Roelz et al., report a rare case of an intracranial dural arteriovenous fistula (DAVF) with perimedullary spinal venous drainage (Cognard Type V) that initially presented as a unilateral contrast-enhancing pontomedullary lesion mimicking a brainstem neoplasm in a 76-year-old man. Following occlusion of the DAVF by transarterial embolization that resulted in clinical and radiological improvement, the fistula recurred 10 months later and was finally cured by a combined endovascular and surgical approach that resulted in complete occlusion. Clinical symptoms and MRI findings gradually improved following this treatment. A literature review on the MRI findings of Cognard Type V DAVF was performed. Centrally located medullary or pontomedullary edema represents the typical imaging finding, while unilateral edema as seen in the authors’ patient is exceptionally rare. The hallmark imaging finding suggestive of DAVF consisting of perimedullary engorged vessels may not always be present or may only be very subtly visible. Therefore, they suggest performing contrast-enhanced MR angiography or even digital subtraction angiography in the presence of an unclear edematous brainstem lesion before scheduling stereotactic biopsy 11).

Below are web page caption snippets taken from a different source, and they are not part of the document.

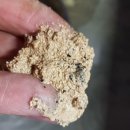 수원-0359 이미지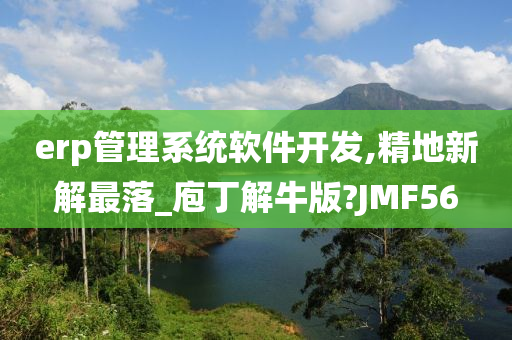 erp管理系统软件开发,精地新解最落_庖丁解牛版?JMF56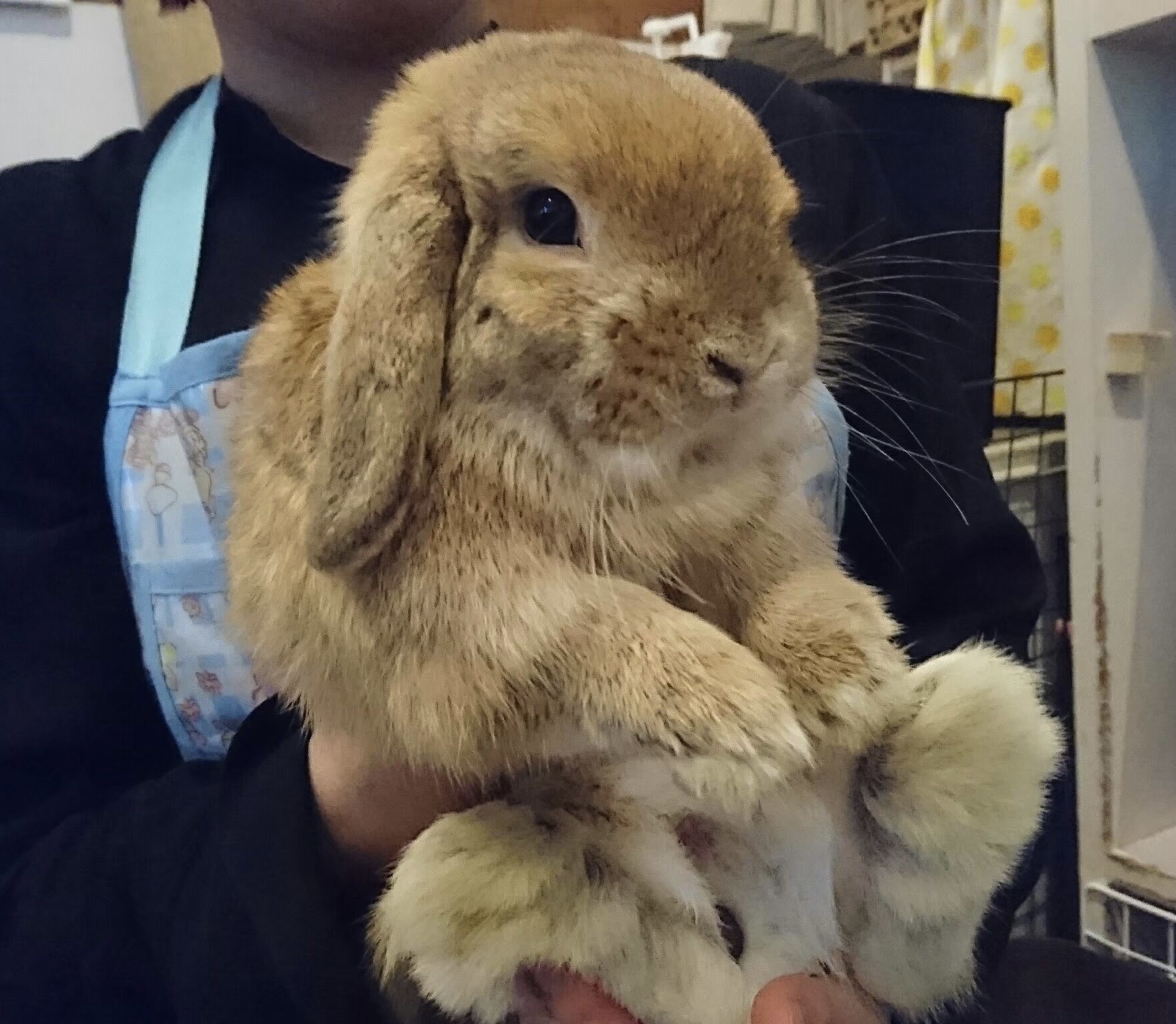 吉祥寺にあるうさぎカフェ ミニヨン に行ってきたよ まことごころ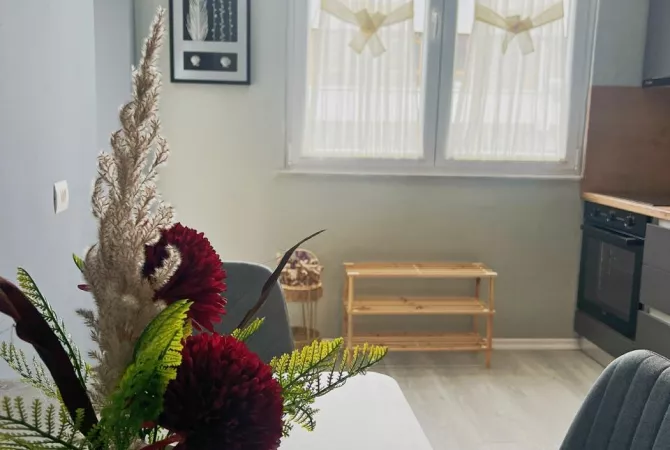 Apartment for rent in Tirana 1+1, Furnished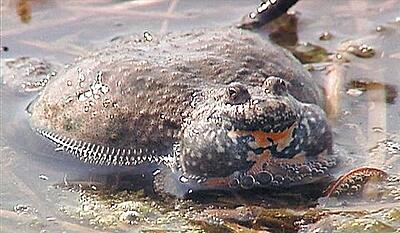 Paddernes forunderlige verden - musikanten og kartoffeltrolden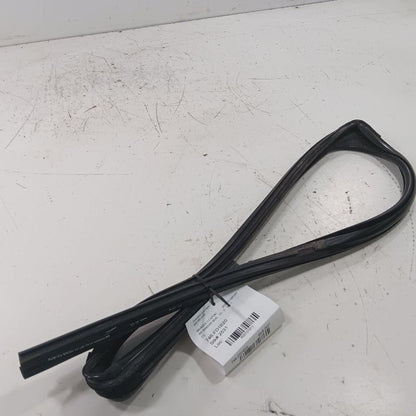 Ford Ecosport Door Glass Window Seal Rubber Right Passenger Rear Back 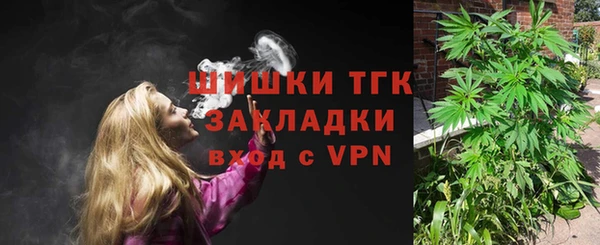ECSTASY Дмитриев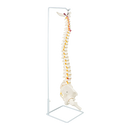 Life Size Flexible Spine Pelvis & Femur Model – Anatomical Skeleton Display-6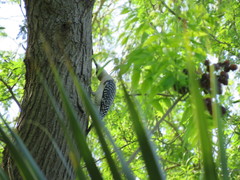 Melanerpes aurifrons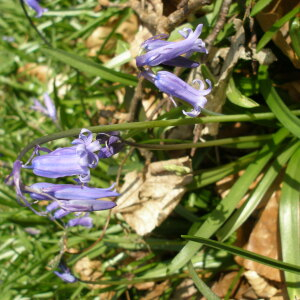 Photographie n°2521697 du taxon Hyacinthoides non-scripta (L.) Chouard ex Rothm. [1944]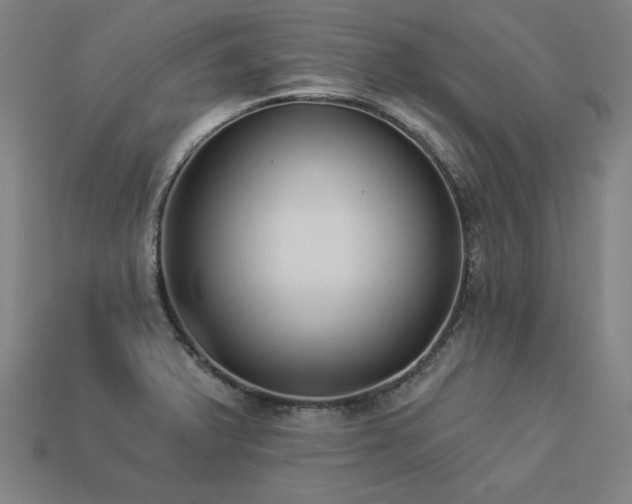 X0000113941375200909251231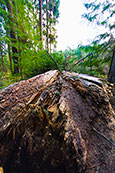 The aftermath of a storm at The Hermitage, Dunkeld, Perthshire, Scotland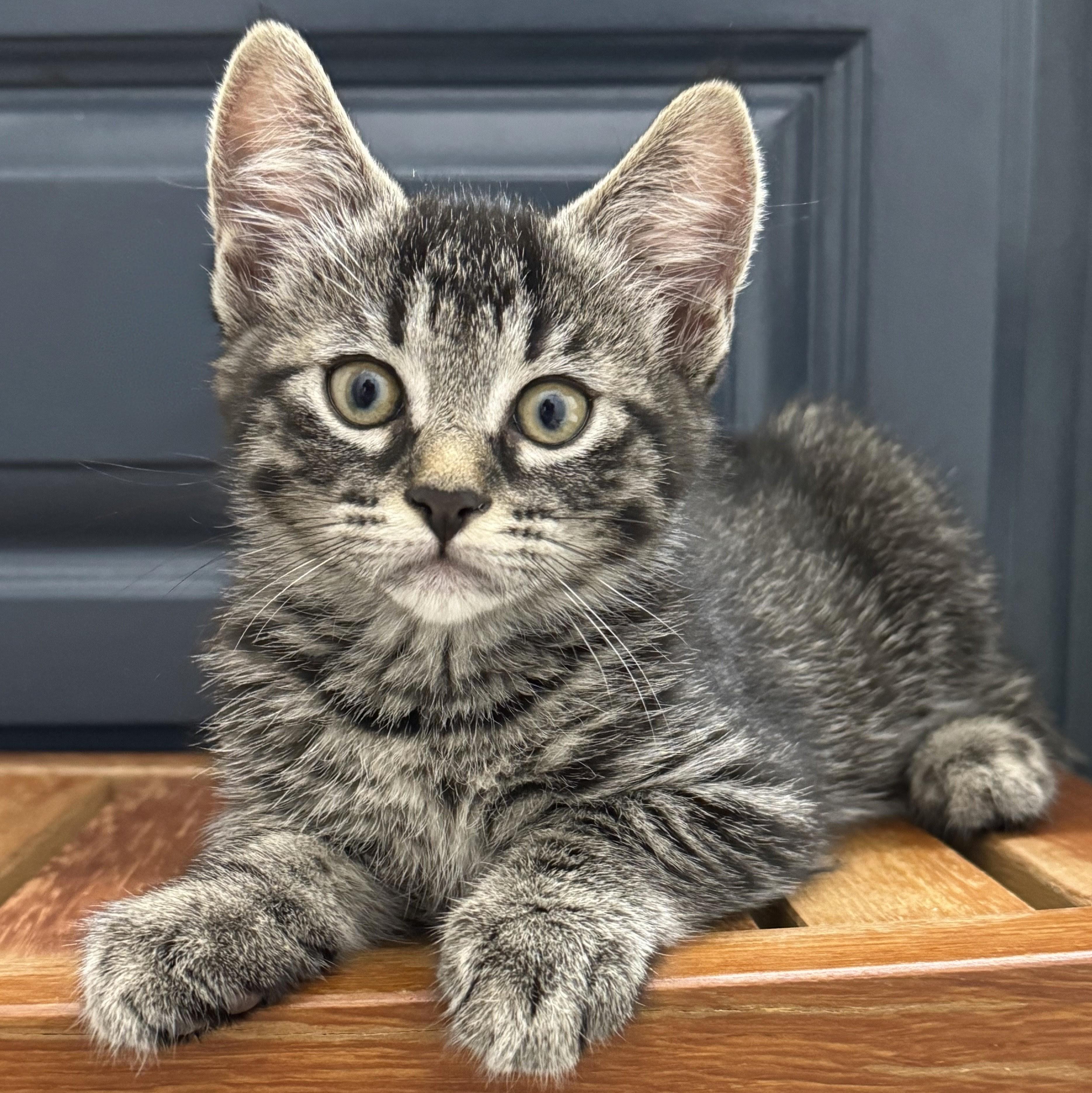 Alfredo, a Adoptable mixed breed in Wilsonville, OR image 1/6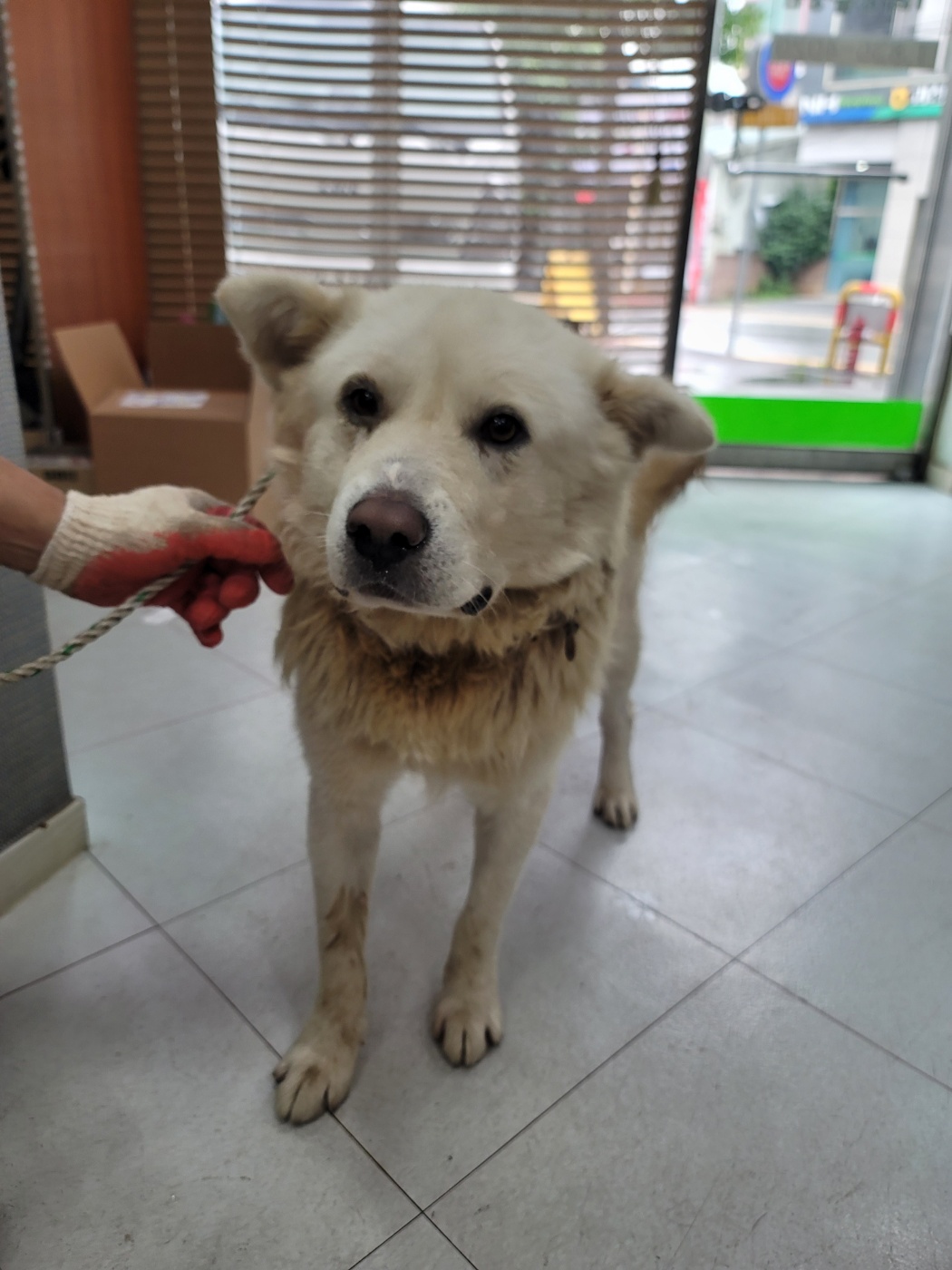 가정견훈련소_443557202400069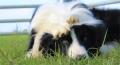 JCB's promotional video for the International Sheep Dog trails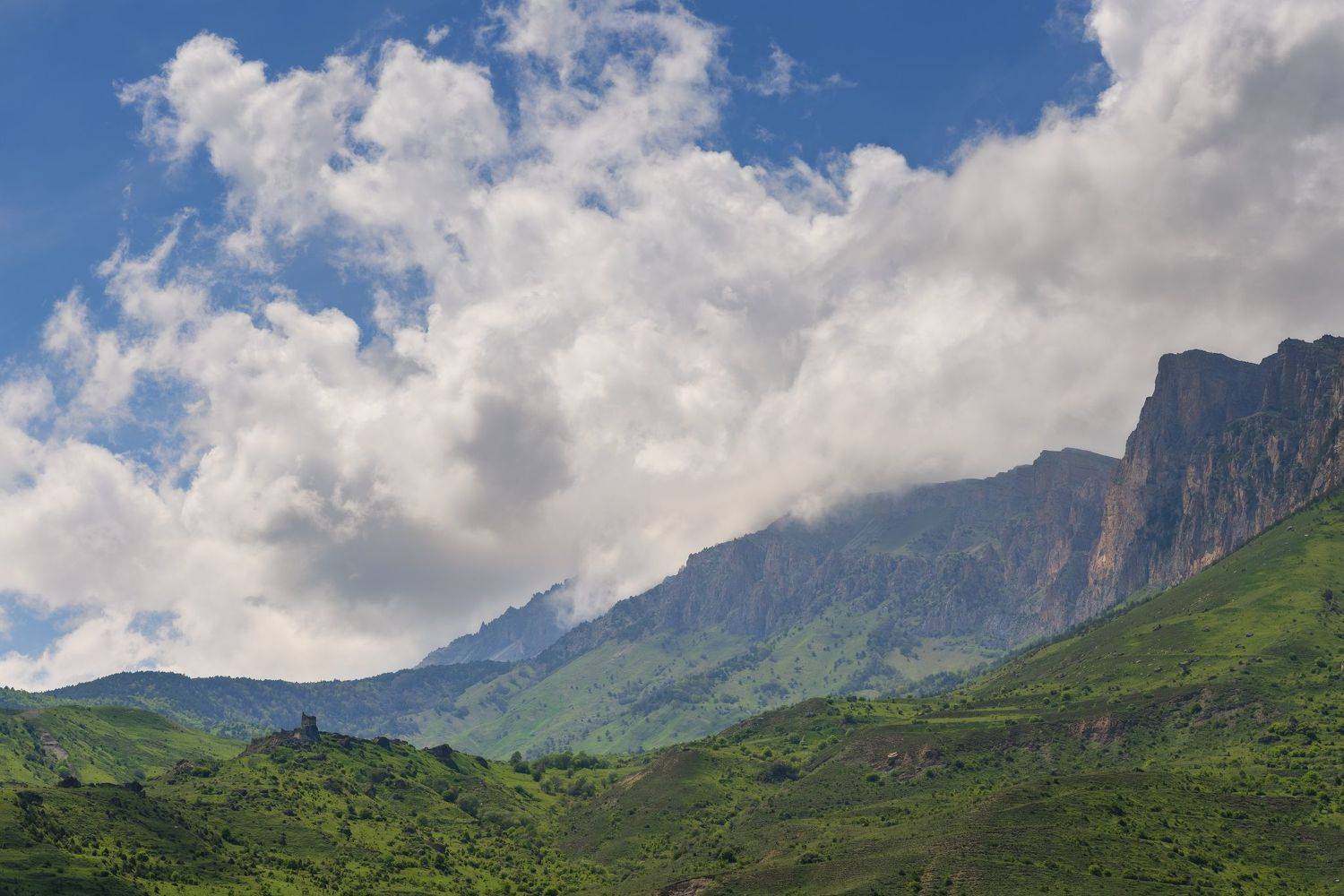 , Юлия Мальцева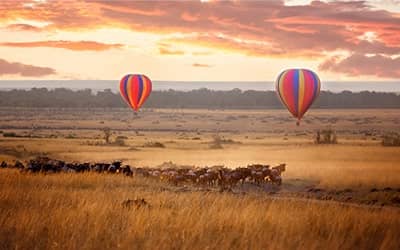 balloon safari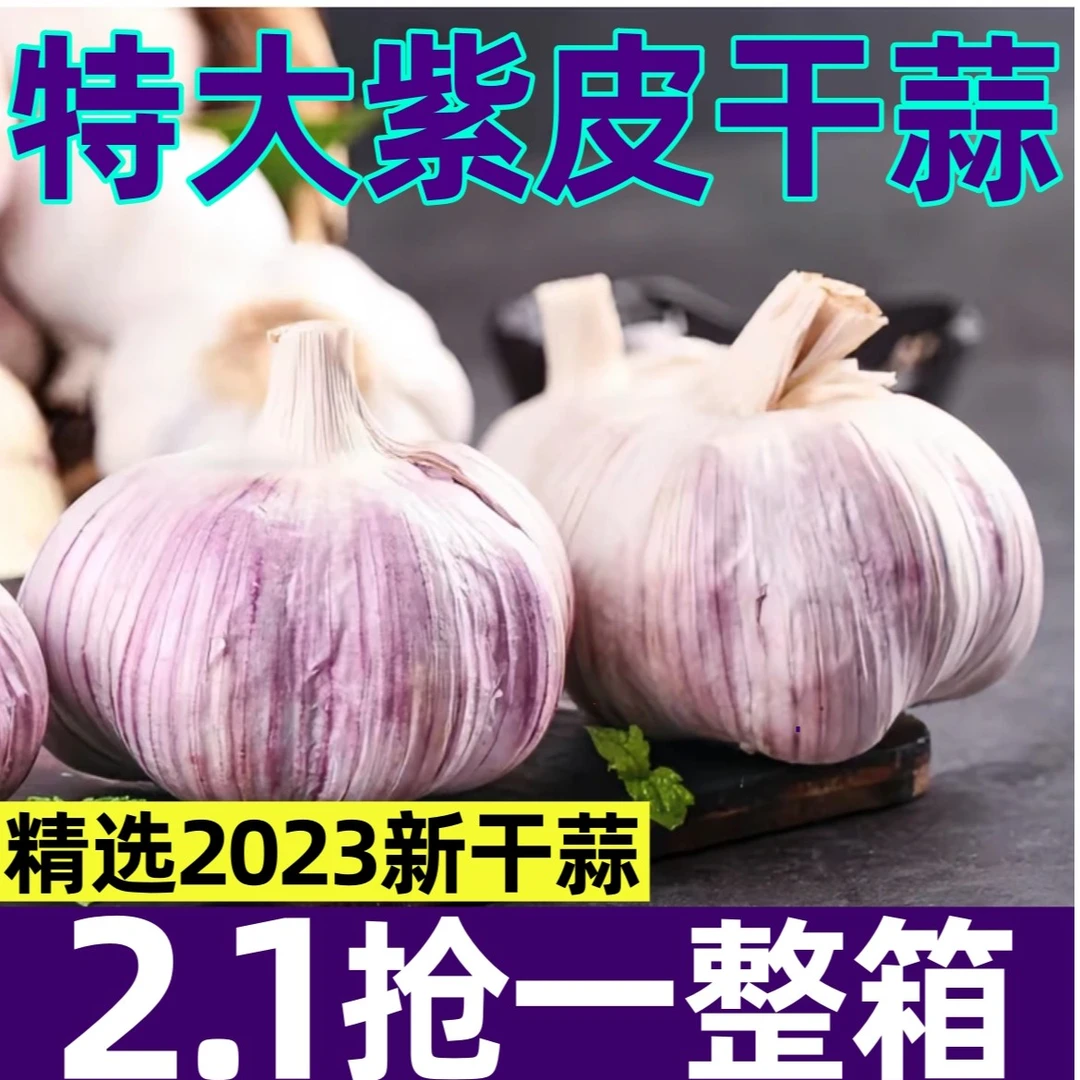 回购率高】河南新干蒜紫皮多瓣蒜新鲜大蒜3/5/10斤批发红皮大蒜头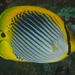 Spot-tail Butterflyfish - Photo (c) Mark Rosenstein, some rights reserved (CC BY-NC-SA), uploaded by Mark Rosenstein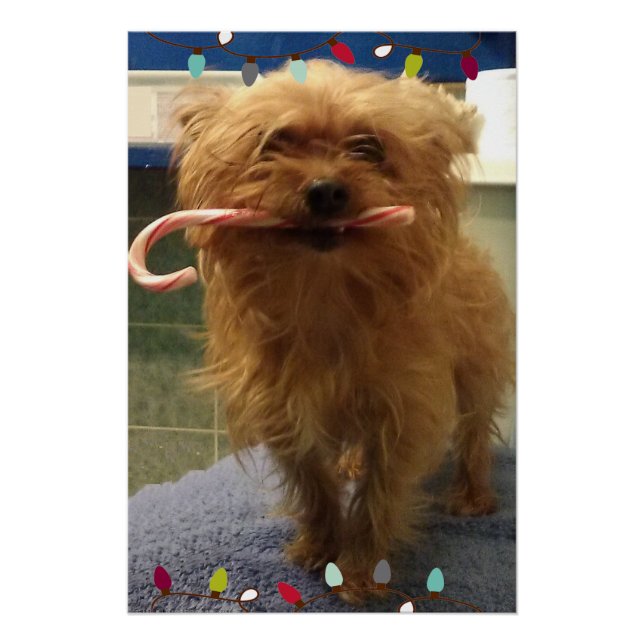 Póster Yorkie Cachorro Bastão de Natal  (Frente)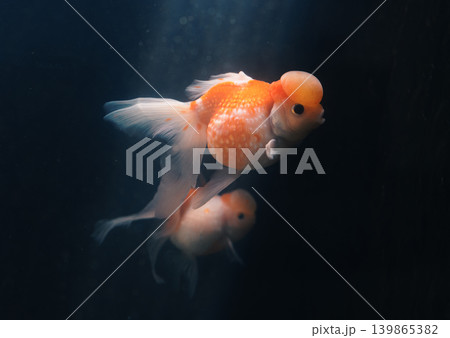 A beautiful fancy goldfish with a large orange wen on its head swims calmly, shining against the very dark underwater setting 139865382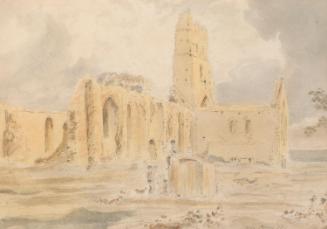 Kildare Cathedral, County Kildare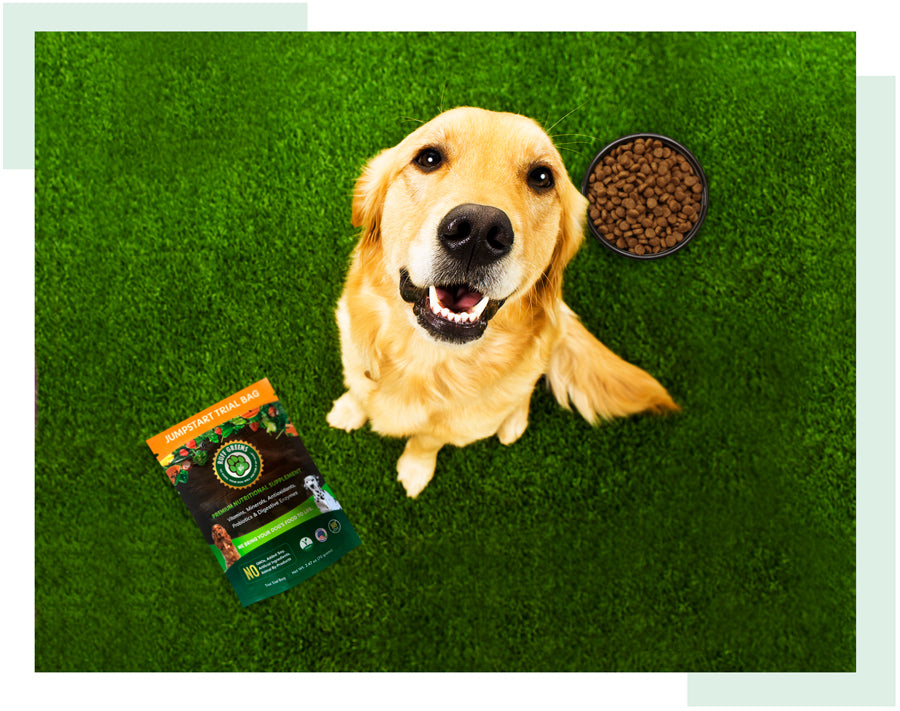 Free Ruff Greens Campaigns - Ruff Greens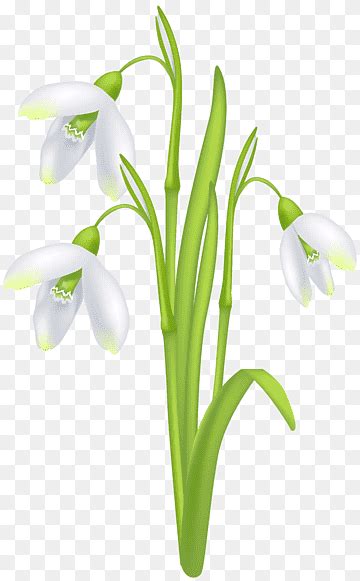 Snowdrops Png Images Pngwing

Aixut Lorenzo et al., described a patient in whom the first arterial treatment failed to achieve occlusion of the fistulous point with the glue. Clinical symptoms improved due to the diminished flow at the fistula after the first embolization but as soon as collateral arteries were recruited by the fistula, spinal cord venous drainage impairment led to symptoms recurrence. Transvenous access allowed them to close the fistula completely in one only session with a complete disappearance of the pathologically inverted perimedullary venous flow 12).